Я торжественно обещаю, что буду смело сражаться за свою родину и лучше умру, чем поступлюсь свободой, бросив тем самым на произвол судьбы социальное будущее моего народа»{66}.

Помимо массового формирования частей и соединений фольксштурма нацистское руководство на финальной стадии войны пошло и на другие чрезвычайные меры в области мобилизации. Оно было вынуждено бросать на фронт части, укомплектованные «неблагонадежным» в национальном и политическом отношениях контингентом. В прошлом такие части считались вспомогательными и применялись для различных целей — в основном на строительстве оборонительных объектов — в своем тылу. Однако обстановка в корне изменилась к концу войны. Даже соединения и части СС, традиционно считавшиеся элитой сухопутных войск, начали укомплектовываться отнюдь не самыми преданными фашистскому режиму лицами.

Идею пополнения войск на фронте за счет осужденных уголовников Геббельс почерпнул в беседе с генералом Власовым, когда тот рассказывал ему о мерах, принятых советским командованием для обороны Москвы осенью 1941 года. В дневниках Геббельс сделал пометку:

«Я предлагаю также создать подразделения из числа заключенных в тюрьмах и концентрационных лагерях, отбывающих там наказание за не очень серьезные преступления, и поставить их под очень строгое командование. Как мне сообщил генерал Власов, это себя полностью оправдало во время обороны Москвы, участником которой он был. Тогда Сталин спрашивал его, готов ли он [57] сформировать дивизию из заключенных. Он ее создал, выговорив себе право амнистировать тех, кто проявит храбрость в боях. Дивизия заключенных сражалась прекрасно. Почему нельзя было бы при теперешнем нашем тяжелом положении прибегнуть к такой же мере?»{67}

В конечном счете, нацистское руководство вынуждено было пойти и на этот шаг, мобилизуя в армию всех, даже осужденных.

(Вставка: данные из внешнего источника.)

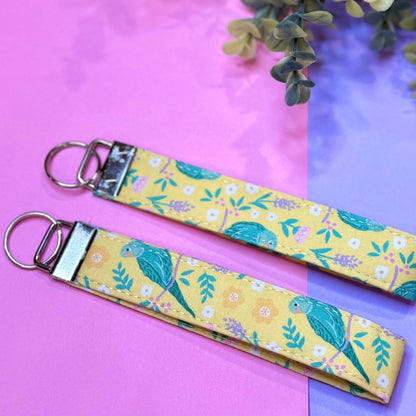 Wristlet Keychain: Songbirds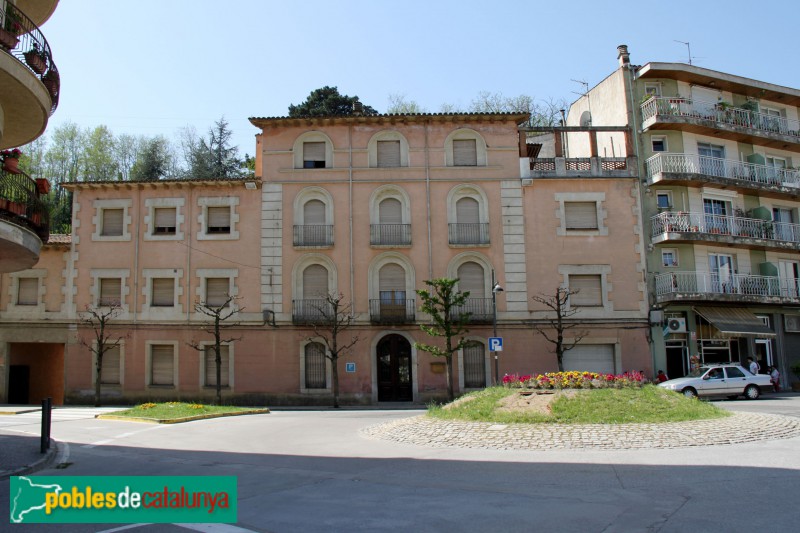 Arbúcies - Hotel Montsoliu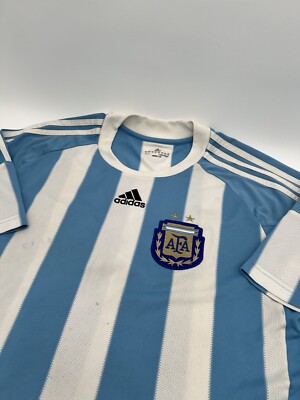 Lionel MESSI - Maillot Adidas Argentine 2014 signé. COA Beckett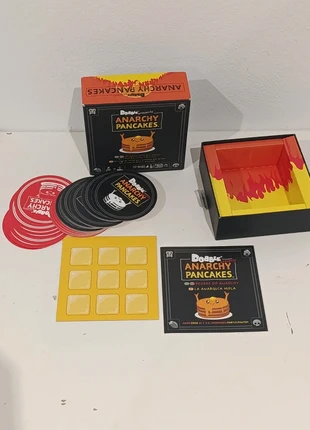 Juego de cartas Dobble Anarchy Pancakes, marca: Asmodee, estado: Muy bueno, tamaño: Talla única, 13,00 €, 14,35 € Protección al comprador incluida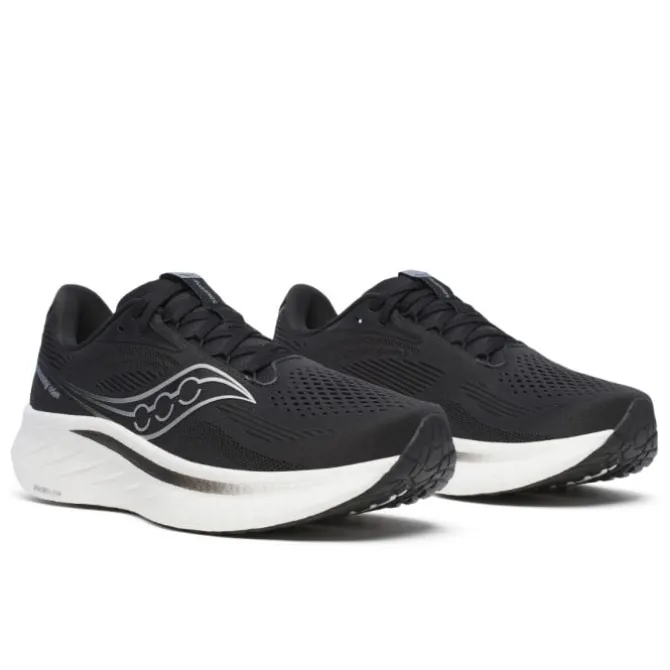 Saucony Neutrale Laufschuhe | Allround Laufschuhe>Ride 18 Schwarz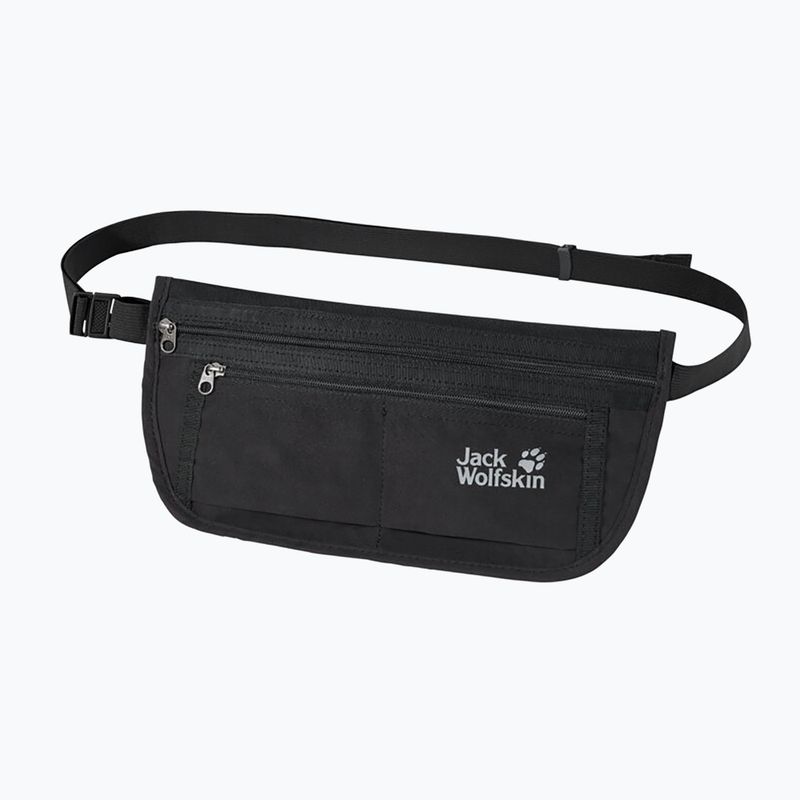 Барсетка Jack Wolfskin Document Belt De Luxe чорна 8006741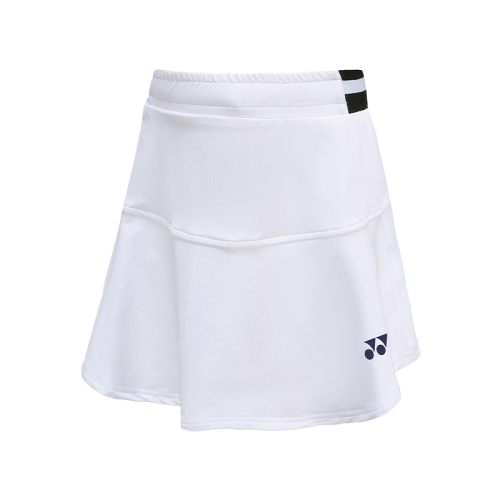 YONEX 2023 Chinese National Team 26102EX Womens Skort-WHITE(with inner shorts)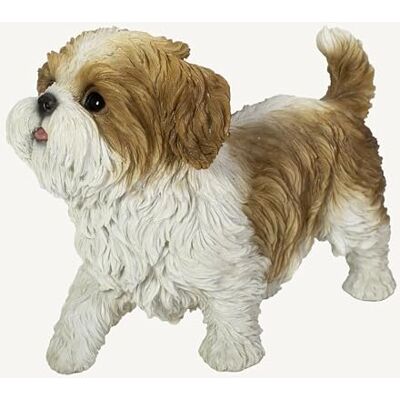 Vivid Arts Active Pups Brown Shih Tzu AP-STZU-D Vivid Arts Active Pups Brown Shih Tzu AP-STZU-D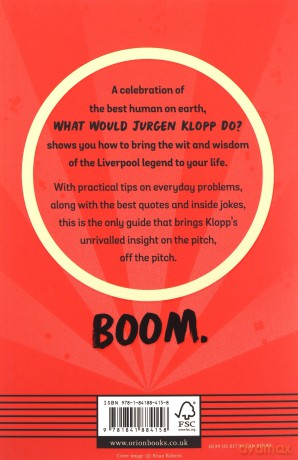 What Would Jurgen Klopp Do - Tom Victor [KSIĄŻKA]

Так, по показаниям военнопленного Л. Бибера из 36-й пехотной дивизии СС, это соединение было укомплектовано «политическими и уголовными преступниками, которые до недавнего времени содержались по несколько лет в немецких концентрационных лагерях, а теперь призваны искупить свою вину на фронте. Офицерский состав дивизии укомплектован эсэсовцами, и дивизия имеет название СС. Эти новоиспеченные солдаты настроены против гитлеровского режима, часто перебегают на сторону русских или дезертируют с поля боя»{68}.

Когда даже для гитлеровского руководства стало ясно, что война проиграна, из состава наиболее преданных и фанатичных нацистов стали формироваться отряды и организации «Вервольфа» — «оборотней». Эта фашистская организация создавалась для подрывных действий в тылу советских войск после оккупации Германии.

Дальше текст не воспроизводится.